Sanborn Map Co was a pivotal investment for the Buffett partnerships, representing a "Control Situation" and accounting for a staggering 35% of total assets at its peak.

📝 Business Overview

  • Product: Precise, detailed structural maps of every city in the U.S., used by fire insurance companies for underwriting evaluation (conflagration exposure, water main diameters, roof composition).
  • Moat: For 75 years, it operated as a virtual monopoly with "complete immunity to recession."
  • Decline: In the early 1950s, a rival underwriting method called "carding" began to replace the need for physical maps, causing Sanborn's map profits to drop from $500k+ to under $100k.

💰 The Investment Play

Buffett identified an extreme divergence between the map business and the company's Investment Portfolio:

  • The Asset Play: Sanborn had accumulated a portfolio of bonds and stocks worth ~$65 per share by 1958.
  • The Market Mispricing: In 1958, the stock sold for only $45 per share. The market was effectively valuing the map business at a negative $20 and buying the securities at a 30% discount.
  • Concentration: Buffett committed 35% of the partnership's capital to this position.

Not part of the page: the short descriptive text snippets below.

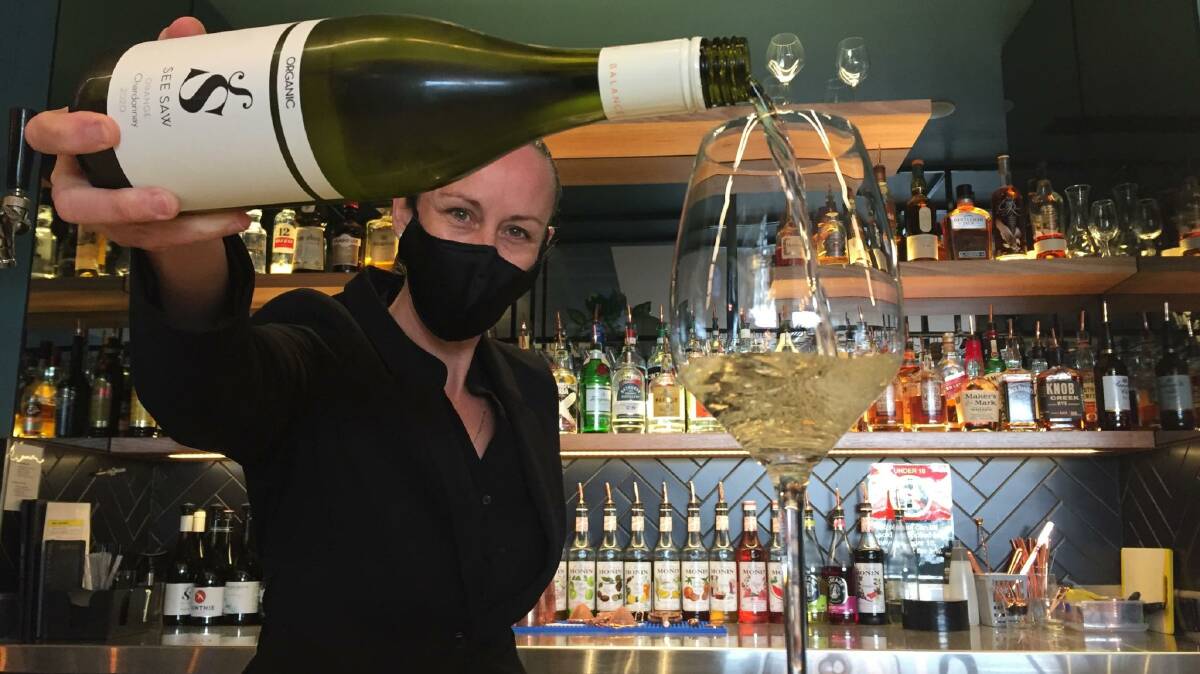 CHEERS: Kylie Byron from Whitney's Restaurant and Bar is happy to be back open and looking forward to the state's Freedom Day on October 11. Photo: RILEY KRAUSE.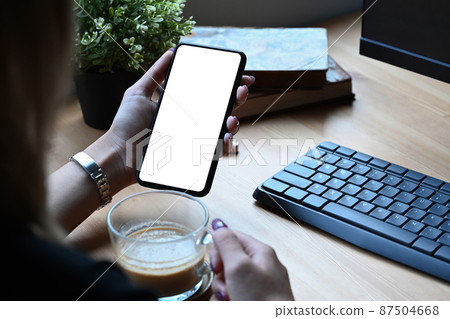 Over shoulder view of young woman drinking coffee and using smart phone at home. Over shoulder view of young woman drinking coffee and using smart phone at home. 87504668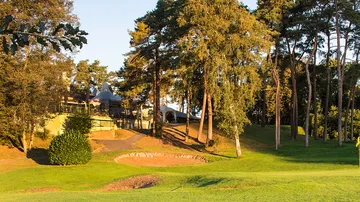 Green golf course with trees and a building in the background.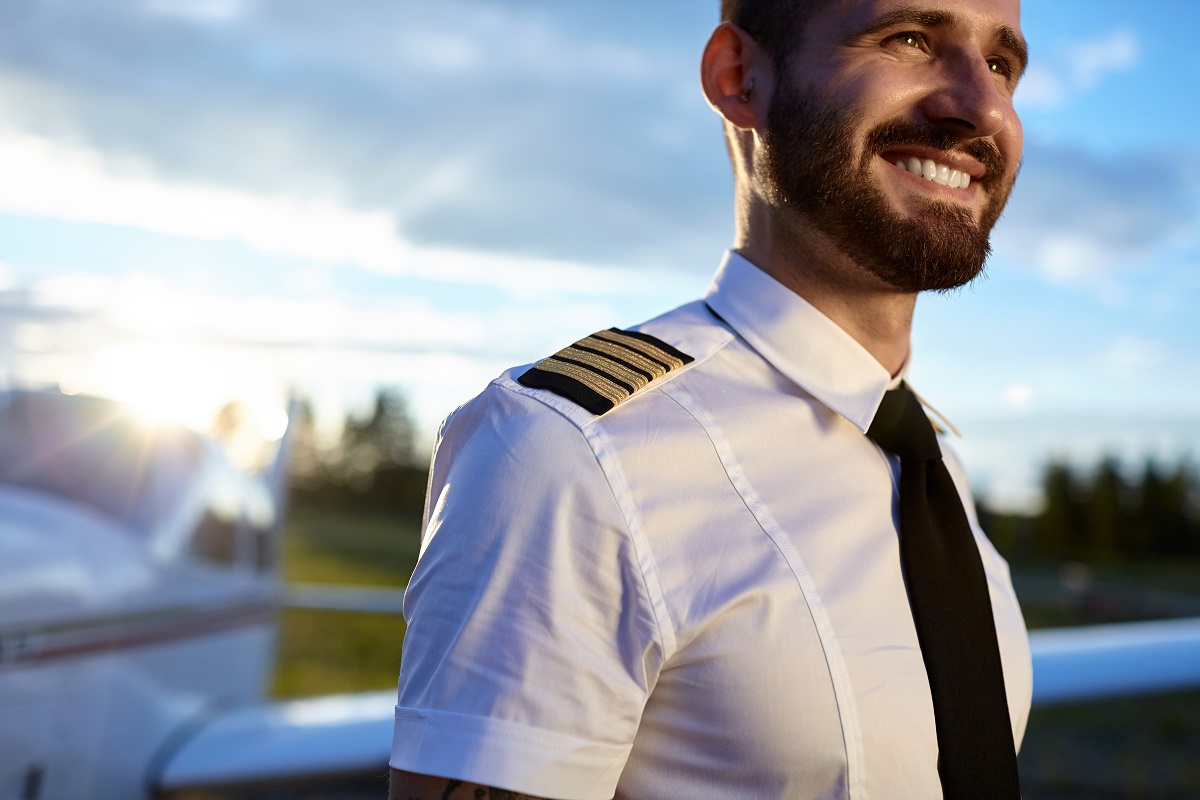 a handsome pilot smiling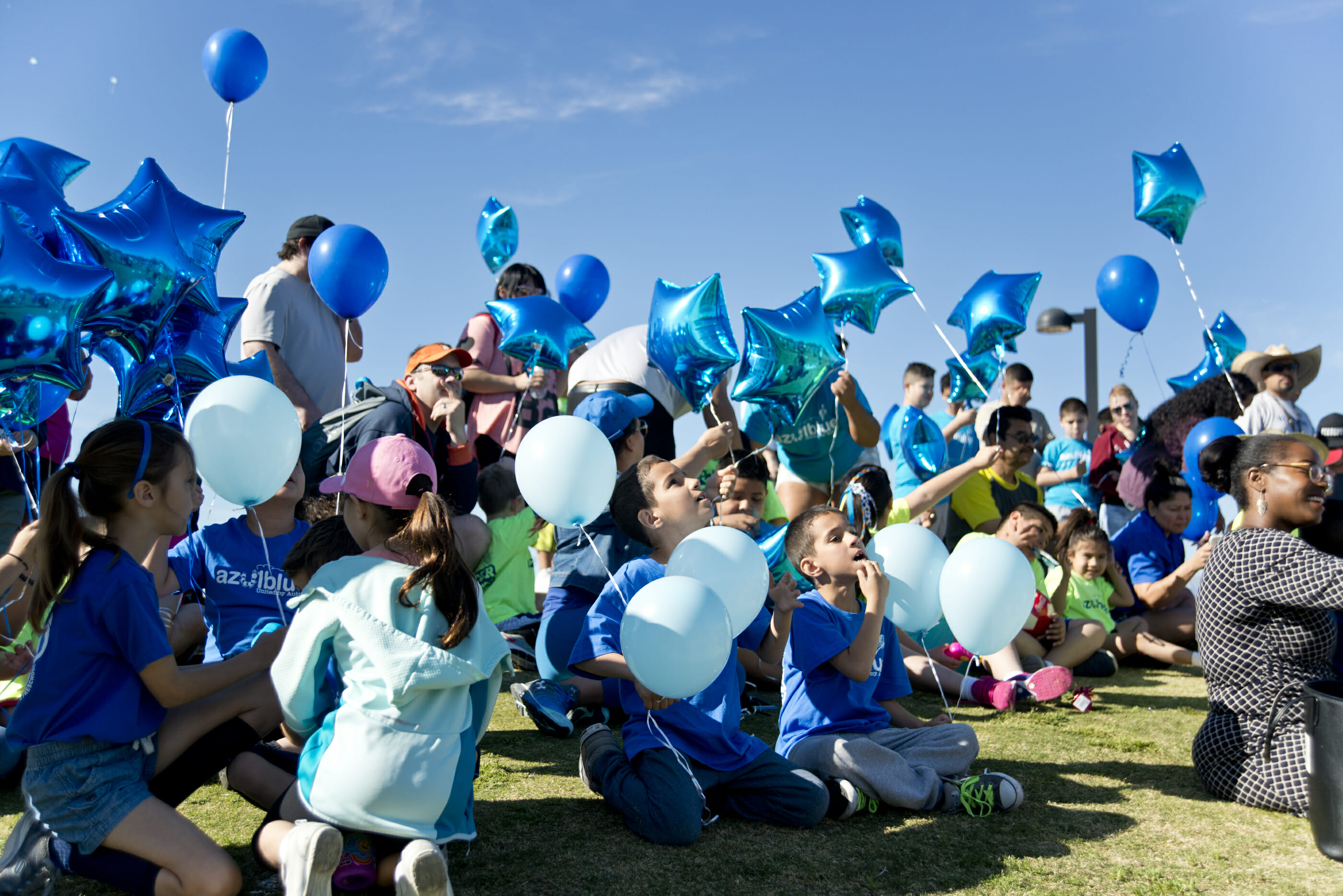 A group of people releasing blue balloons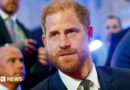 Headshot of Prince Harry in a blue suit, white shirt, and dark green tie looking off-camera in a room with several men in suits out of focus in the background,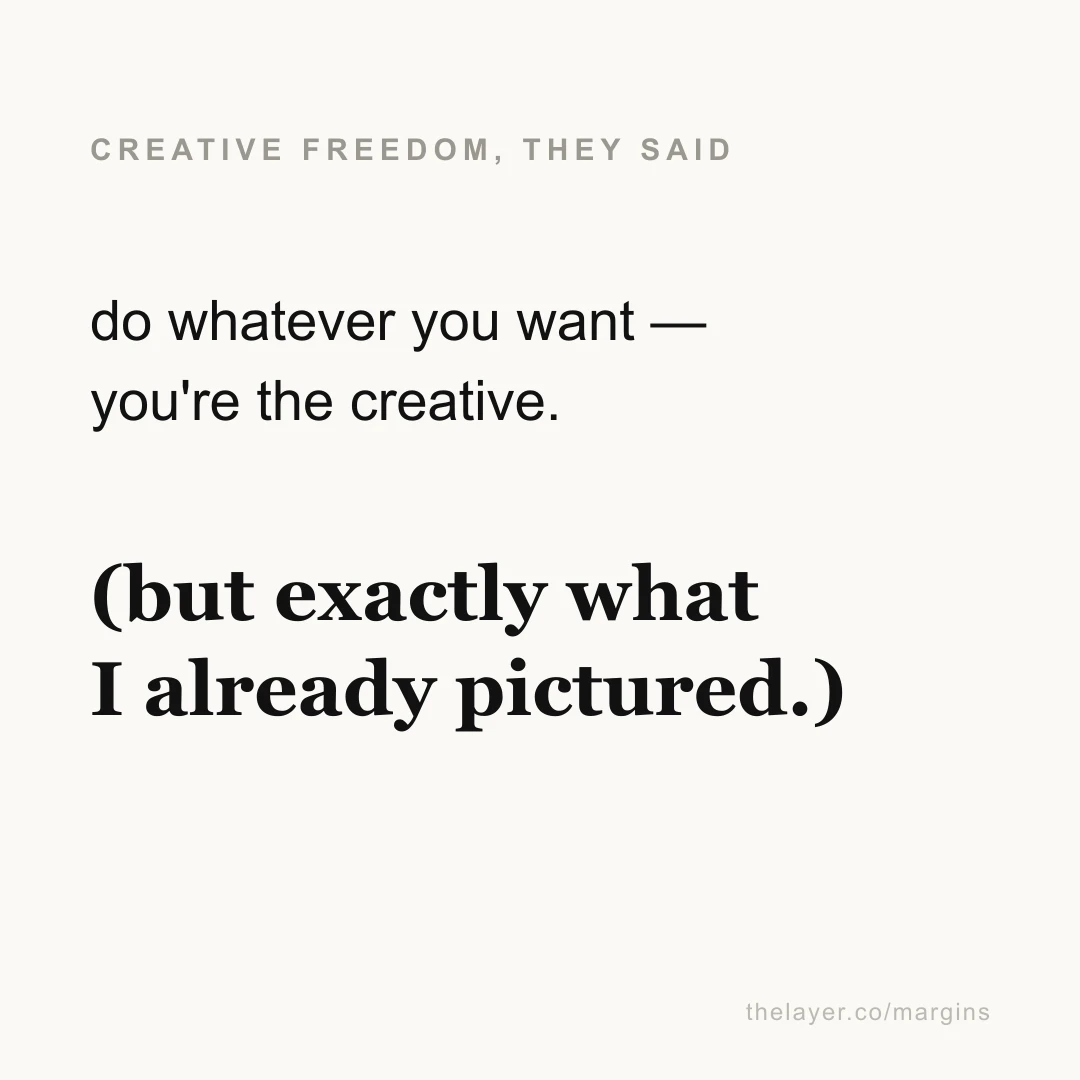 Text reading 'do whatever you want — you're the creative.' followed by the large parenthetical 'but exactly what I already pictured.' under the label 'creative freedom, they said.'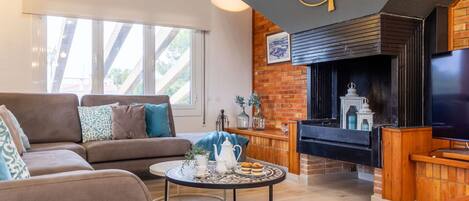 A cozy living room with a fireplace, a sofa, a coffee table, and a TV.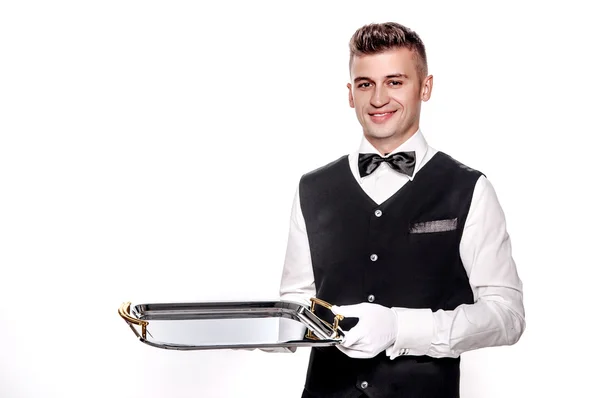 Portrait of young happy smiling waiter with on tray isolated on — Stock Photo, Image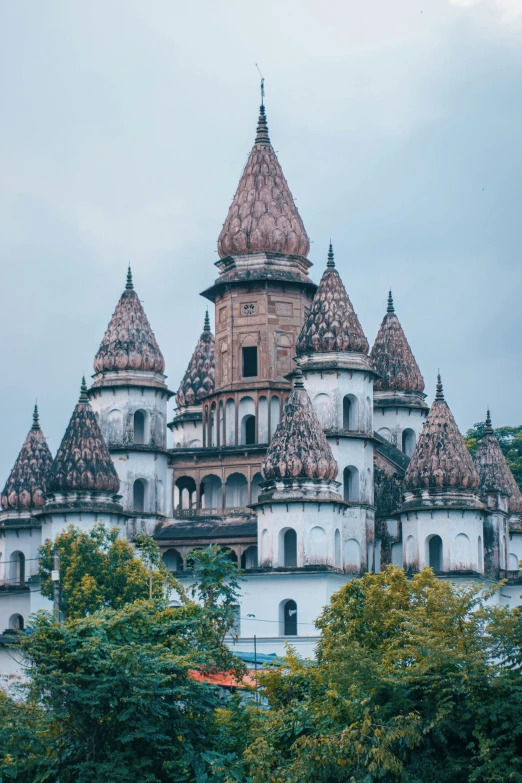 a large white castle sitting on top of a lush green hillside, inspired by Károly Lotz, unsplash contest winner, art nouveau, khajuraho, kremlin, dark gloomy church, majestic spires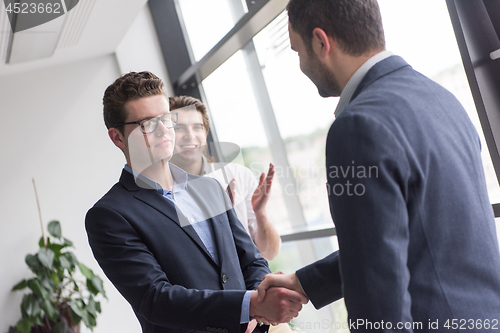 Image of cloasing the deal in modern office interior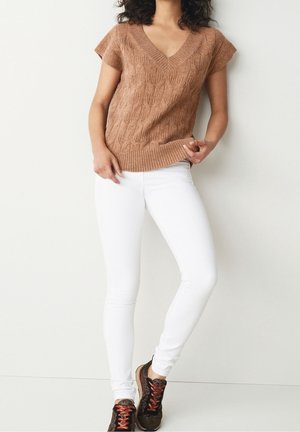 Femme portant un haut en maille marron à manches courtes, un pantalon slim blanc et des baskets marron avec des lacets rouges, debout contre un mur clair uni.
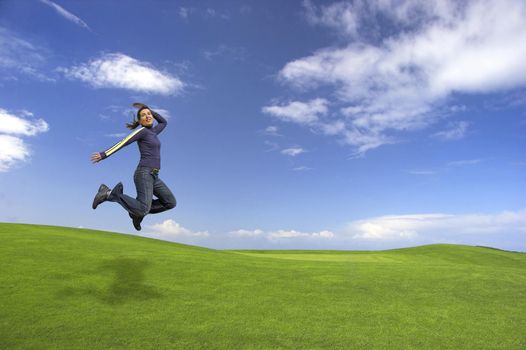 Young woman jumping on the green field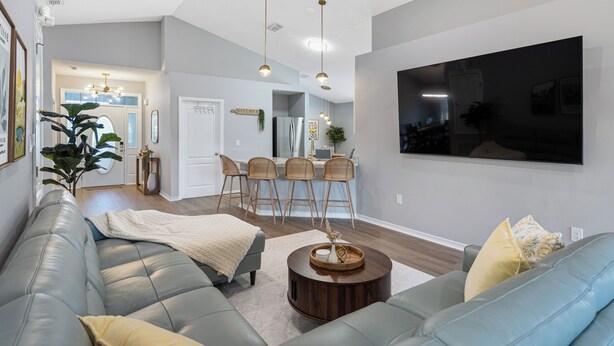 A modern living room with a sectional sofa, a round coffee table, and a dining area with a kitchen in the background. - Family & Pet Friendly, New Plunge Pool & Grill, No Stairs,Walk 2 Beach,Sleeps 12 (Destin)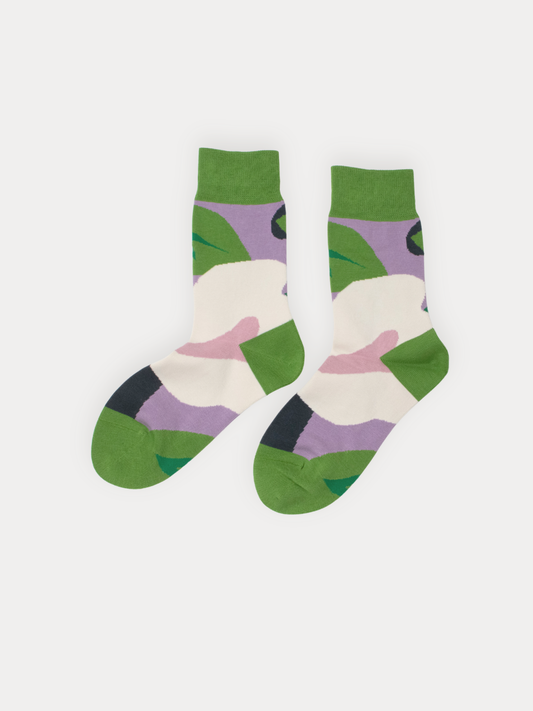 Pair of socks with green, white, and purple abstract pattern on a light gray background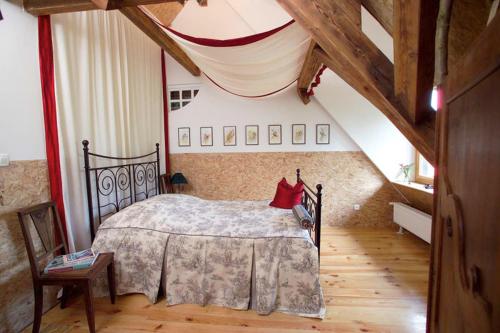 En eller flere senge i et værelse på Chambre d'hôtes du Moulin de Landonvillers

📉 Resolution (The Control Action)

Buffett joined the Board and, despite opposition from directors tied to the insurance industry (who benefited from low map prices), pushed for a reorganization:

  1. The Exchange Plan: Shareholders were offered the chance to exchange their Sanborn shares for a pro-rata portion of the investment portfolio at fair value.
  2. Outcome: 72% of Sanborn stock (including 50% of the 1,600 stockholders) was retired in exchange for securities.
  3. The Result: The map business was separated from the oversized investment portfolio, realized fair value for exiting partners, and left the remaining company with a healthy reserve and higher earnings per share.

🧠 Strategic Importance

Sanborn Map was the foundational case study for the partnership's activist approach:

  1. The First Activist Victory: Sanborn proved that Buffett could create value rather than simply wait for the market to recognize it. By joining the board and forcing the exchange plan, he acted as a catalyst — transforming a stale, mispriced security into a realized gain.
  2. Concentration as Strategy: The 35% allocation to a single position was the earliest evidence of what later became Portfolio Concentration as a deliberate strategy. Graham preached diversification; Buffett was already departing from orthodoxy when the odds were overwhelming.
  3. The Template for Everything: The Sanborn playbook (identify mispricing → acquire influence → force value realization) was replicated at Dempster Mill Manufacturing Company, at Berkshire Hathaway, and in subtler forms at every Berkshire subsidiary that ever converted low-return assets into higher uses.

🔗 Connections

📚 Historical Mentions & Citations (3)

Click a reference document below to expand and read the exact paragraph(s) containing this concept in the archive.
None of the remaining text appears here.